Some future tasks (such as textures) do not exit from the normal exit points (loaded or failed). They result in undefined program behavior, corrupted throttler states, hanging threads and so on. And when that happens, new texture cannot be loaded any more. We need to fix the async loader, patch the issues and make it robust/recoverable.

mingsong commented 8 years ago

This is a good point as we have seen some problematic textures before. I will be working on this for the following time.

danke-sra commented 8 years ago

Ok. Please let me know when it is fixed. I am working on another texture-related issue. My patch will depend on this fix, and once this is done I can start to verify my fix.

One issue with the async loader is that it does not wait for the texture to be loaded when you call get() on a Future. I guess that needs to be fixed first. This is in the following class:

class FutureResource<T extends GVRHybridObject> {
    ...
        @Override
        public T get() throws InterruptedException, ExecutionException {
            return get(0);
        }
    ...
}

The get(0) does not return because a callback to the CancelableCallback<T> callback object is not guaranteed. I think the 0 may mean infinity time, but we need to either guarantee it gets a callback within a time limit or it times out by itself for robustness. Since the get() function does not return, the texture is forever unset (green). If I load the texture again, another hanging thread will be added to the thread pool. Please see if there is a way to fix that.

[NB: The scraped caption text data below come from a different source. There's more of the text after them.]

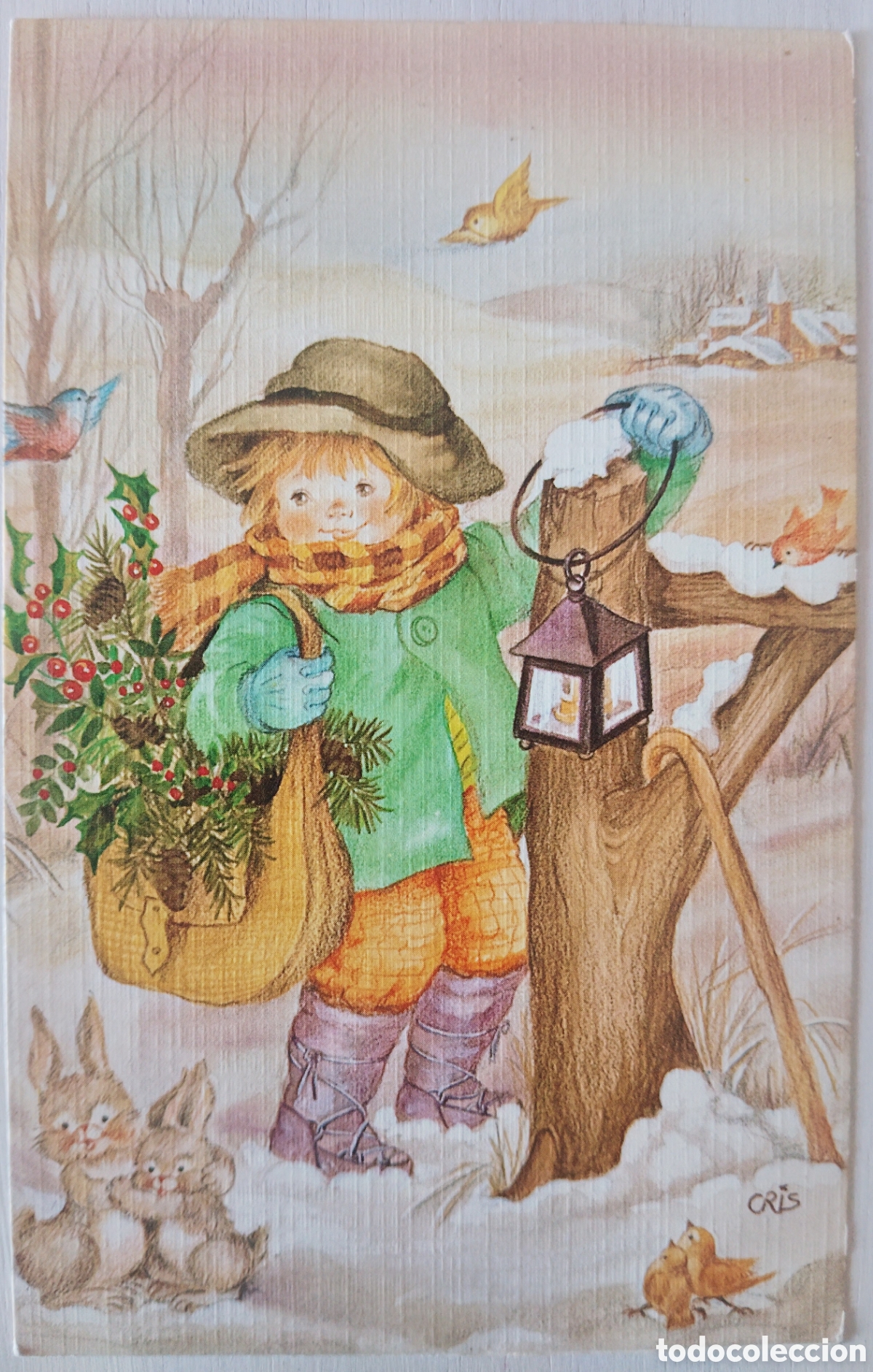 Postales: FELICITACI&Oacute;N NAVIDAD - CRIS - NI&Ntilde;O CONEJITOS PAJARITO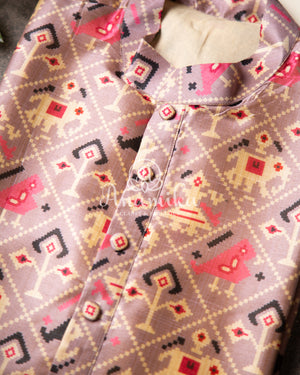 Light Mauve Pink Patola Tussar Silk Kurta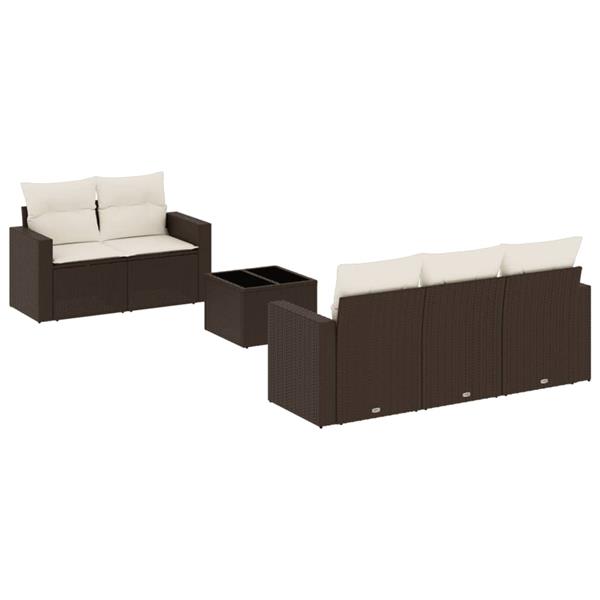 Grote foto vidaxl 6 delige loungeset met kussens poly rattan bruin tuin en terras tuinmeubelen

You can reproduce this issue using the DebugServer. It can be enabled by adding gvrContext.startDebugServer() to the onInit(...) method of any sample. Then, you can telnet <IP> 1645 to get the debug shell (cygwin / ubuntu is best, but windows works too). After that, you can do the following to load a model, and see if the async loader works:

gvrf> js
js> s = gvrf.getMainScene()
js> so = gvrf.loadModelFromURL("https://raw.githubusercontent.com/dankex/3dmodels/master/characters/R2D2/R2D2_png.dae")
js> s.addSceneObject(so)

Then, you can see the outline of the model (a robot) but texture is green. If needed, you can remove the model and repeat the above. The debug shell should be quite helpful in this case. :+1:

js> s.removeSceneObject(so)
mingsong commented 8 years ago

Ok, thanks for the suggestions, I will sync up with you whenever I need to verify the texture.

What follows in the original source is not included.